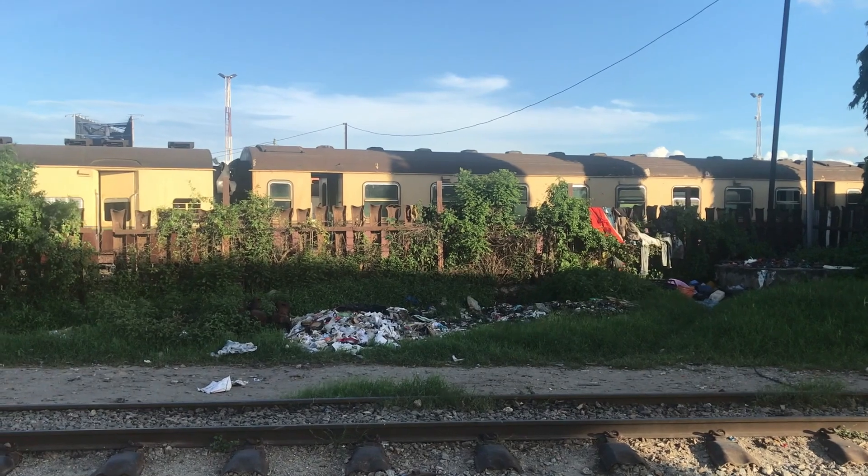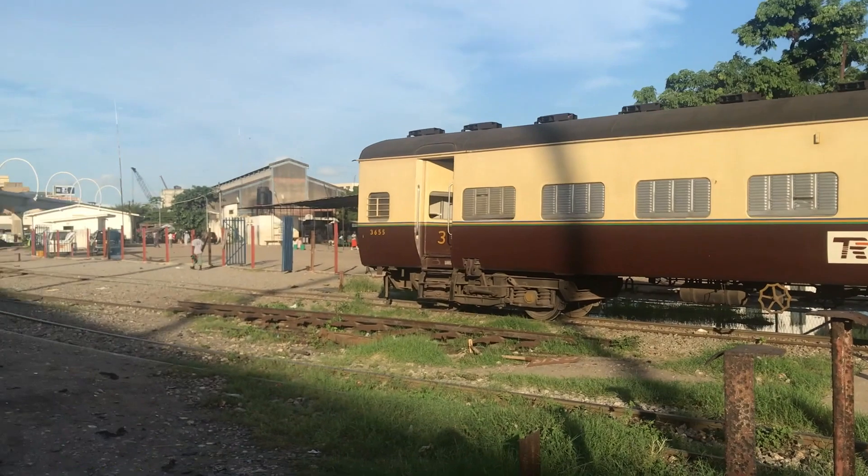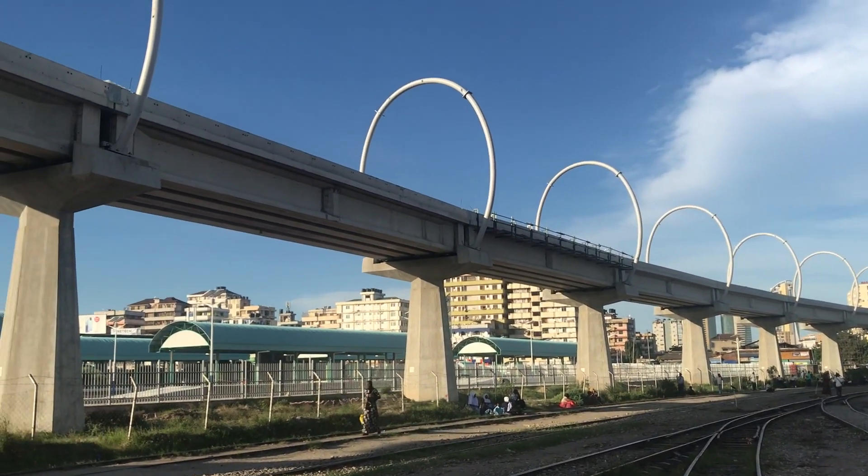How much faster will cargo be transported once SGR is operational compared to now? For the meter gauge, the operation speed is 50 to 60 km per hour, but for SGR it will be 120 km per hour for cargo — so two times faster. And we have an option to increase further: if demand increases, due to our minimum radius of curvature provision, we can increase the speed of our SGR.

|---|

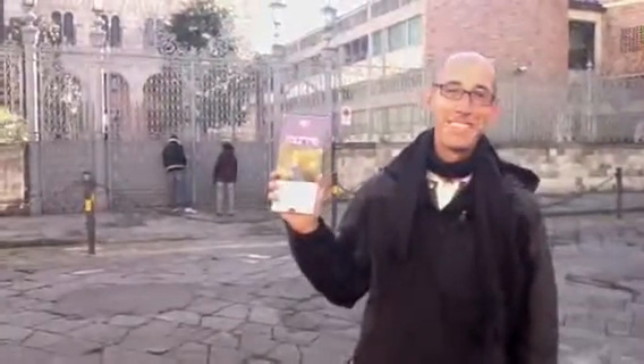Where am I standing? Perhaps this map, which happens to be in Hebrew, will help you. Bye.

|---|

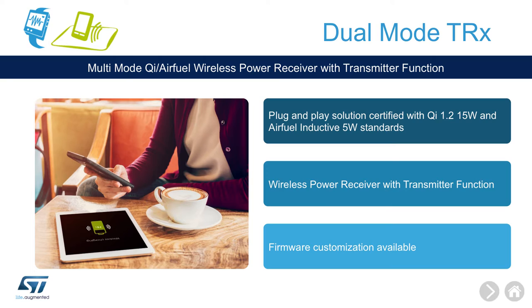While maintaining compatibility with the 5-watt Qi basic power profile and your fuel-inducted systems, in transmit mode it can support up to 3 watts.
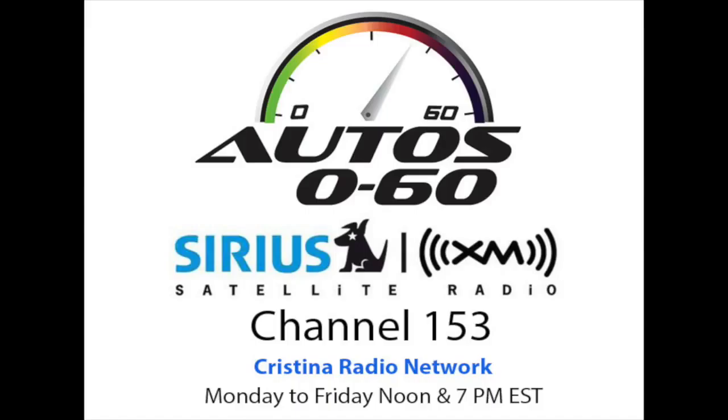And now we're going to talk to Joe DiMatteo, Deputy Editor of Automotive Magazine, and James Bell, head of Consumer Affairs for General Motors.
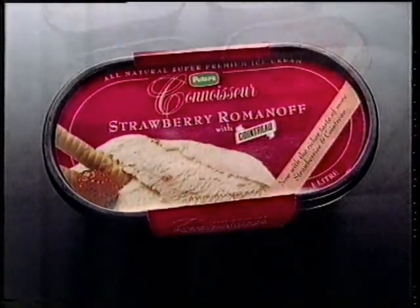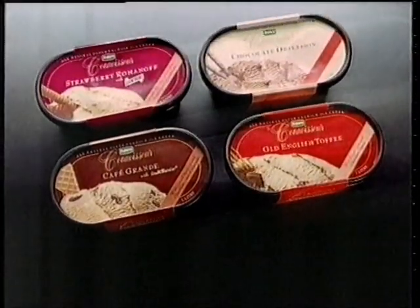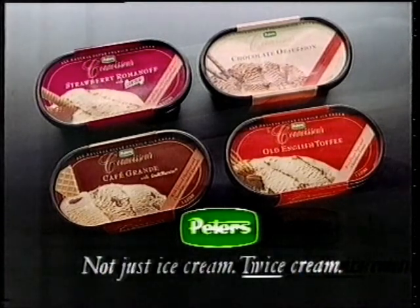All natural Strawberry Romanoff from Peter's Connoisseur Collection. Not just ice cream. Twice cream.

|---|

Problem details: Using the records above, return word for word the lines that begin at the one containing "While maintaining compatibility" and end at the one containing "All natural Strawberry", both of them included and no pictures.

Result for this task:
While maintaining compatibility with the 5-watt Qi basic power profile and your fuel-inducted systems, in transmit mode it can support up to 3 watts.
And now we're going to talk to Joe DiMatteo, Deputy Editor of Automotive Magazine, and James Bell, head of Consumer Affairs for General Motors.
All natural Strawberry Romanoff from Peter's Connoisseur Collection. Not just ice cream. Twice cream.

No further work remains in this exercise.